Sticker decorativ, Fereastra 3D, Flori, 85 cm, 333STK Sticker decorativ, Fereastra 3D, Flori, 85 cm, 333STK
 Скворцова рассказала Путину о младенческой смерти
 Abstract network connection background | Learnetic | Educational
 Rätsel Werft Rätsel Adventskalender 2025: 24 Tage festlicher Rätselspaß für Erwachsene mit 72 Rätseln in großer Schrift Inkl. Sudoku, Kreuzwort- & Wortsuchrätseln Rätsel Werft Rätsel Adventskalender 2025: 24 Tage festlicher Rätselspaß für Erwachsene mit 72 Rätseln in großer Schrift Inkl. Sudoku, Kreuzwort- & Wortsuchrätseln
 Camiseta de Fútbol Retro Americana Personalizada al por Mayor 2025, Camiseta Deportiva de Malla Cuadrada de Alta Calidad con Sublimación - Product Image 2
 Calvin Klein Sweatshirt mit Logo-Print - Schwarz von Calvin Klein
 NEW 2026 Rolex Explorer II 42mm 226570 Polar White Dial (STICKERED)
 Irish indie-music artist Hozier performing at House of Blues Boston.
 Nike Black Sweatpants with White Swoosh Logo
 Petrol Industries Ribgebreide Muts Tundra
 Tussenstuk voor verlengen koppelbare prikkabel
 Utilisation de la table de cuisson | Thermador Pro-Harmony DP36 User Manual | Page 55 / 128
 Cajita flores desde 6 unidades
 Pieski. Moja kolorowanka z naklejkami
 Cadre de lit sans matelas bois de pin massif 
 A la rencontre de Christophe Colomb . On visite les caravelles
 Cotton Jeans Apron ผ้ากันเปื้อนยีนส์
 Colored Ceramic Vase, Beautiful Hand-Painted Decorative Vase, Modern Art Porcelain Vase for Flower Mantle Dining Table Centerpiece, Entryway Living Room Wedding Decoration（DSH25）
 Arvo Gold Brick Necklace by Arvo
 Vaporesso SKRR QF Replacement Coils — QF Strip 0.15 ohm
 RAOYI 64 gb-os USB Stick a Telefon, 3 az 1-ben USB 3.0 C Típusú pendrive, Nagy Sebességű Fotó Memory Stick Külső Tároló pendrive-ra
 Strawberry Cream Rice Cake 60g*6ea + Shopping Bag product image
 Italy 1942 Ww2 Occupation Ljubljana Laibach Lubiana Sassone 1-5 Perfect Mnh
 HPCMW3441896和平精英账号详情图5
........
YOUR ASSIGNMENT »
Write out each line of the data above again, exactly as given.

ANSWER TO THIS TASK »
Sticker decorativ, Fereastra 3D, Flori, 85 cm, 333STK Sticker decorativ, Fereastra 3D, Flori, 85 cm, 333STK
 Скворцова рассказала Путину о младенческой смерти
 Abstract network connection background | Learnetic | Educational
 Rätsel Werft Rätsel Adventskalender 2025: 24 Tage festlicher Rätselspaß für Erwachsene mit 72 Rätseln in großer Schrift Inkl. Sudoku, Kreuzwort- & Wortsuchrätseln Rätsel Werft Rätsel Adventskalender 2025: 24 Tage festlicher Rätselspaß für Erwachsene mit 72 Rätseln in großer Schrift Inkl. Sudoku, Kreuzwort- & Wortsuchrätseln
 Camiseta de Fútbol Retro Americana Personalizada al por Mayor 2025, Camiseta Deportiva de Malla Cuadrada de Alta Calidad con Sublimación - Product Image 2
 Calvin Klein Sweatshirt mit Logo-Print - Schwarz von Calvin Klein
 NEW 2026 Rolex Explorer II 42mm 226570 Polar White Dial (STICKERED)
 Irish indie-music artist Hozier performing at House of Blues Boston.
 Nike Black Sweatpants with White Swoosh Logo
 Petrol Industries Ribgebreide Muts Tundra
 Tussenstuk voor verlengen koppelbare prikkabel
 Utilisation de la table de cuisson | Thermador Pro-Harmony DP36 User Manual | Page 55 / 128
 Cajita flores desde 6 unidades
 Pieski. Moja kolorowanka z naklejkami
 Cadre de lit sans matelas bois de pin massif 
 A la rencontre de Christophe Colomb . On visite les caravelles
 Cotton Jeans Apron ผ้ากันเปื้อนยีนส์
 Colored Ceramic Vase, Beautiful Hand-Painted Decorative Vase, Modern Art Porcelain Vase for Flower Mantle Dining Table Centerpiece, Entryway Living Room Wedding Decoration（DSH25）
 Arvo Gold Brick Necklace by Arvo
 Vaporesso SKRR QF Replacement Coils — QF Strip 0.15 ohm
 RAOYI 64 gb-os USB Stick a Telefon, 3 az 1-ben USB 3.0 C Típusú pendrive, Nagy Sebességű Fotó Memory Stick Külső Tároló pendrive-ra
 Strawberry Cream Rice Cake 60g*6ea + Shopping Bag product image
 Italy 1942 Ww2 Occupation Ljubljana Laibach Lubiana Sassone 1-5 Perfect Mnh
 HPCMW3441896和平精英账号详情图5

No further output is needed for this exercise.